== Available data ==

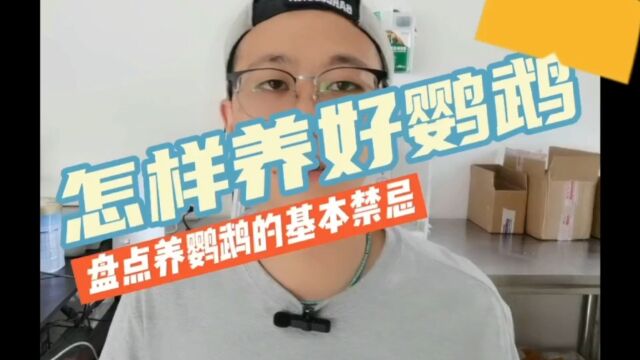 盘点喂养鹦鹉的基本禁忌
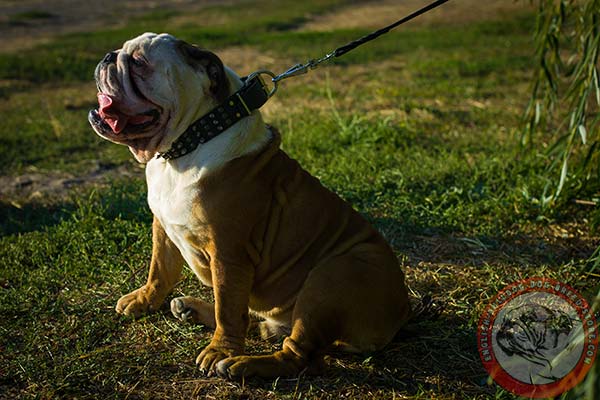 English Bulldog leather collar with nickel-plated buckle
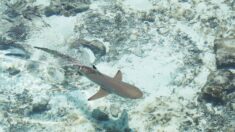 Nouvelle-Calédonie: attaque mortelle de requin à Nouméa
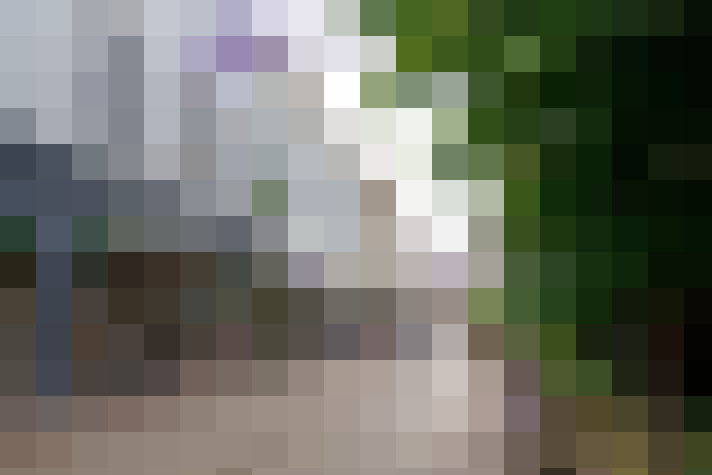 / #14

===

» What the task requires:
Leave the pictures out and copy the rest of the data exactly.

» Response to this exercise:
 盘点喂养鹦鹉的基本禁忌
 English Bulldog leather collar with nickel-plated buckle
 Nouvelle-Calédonie: attaque mortelle de requin à Nouméa
 / #14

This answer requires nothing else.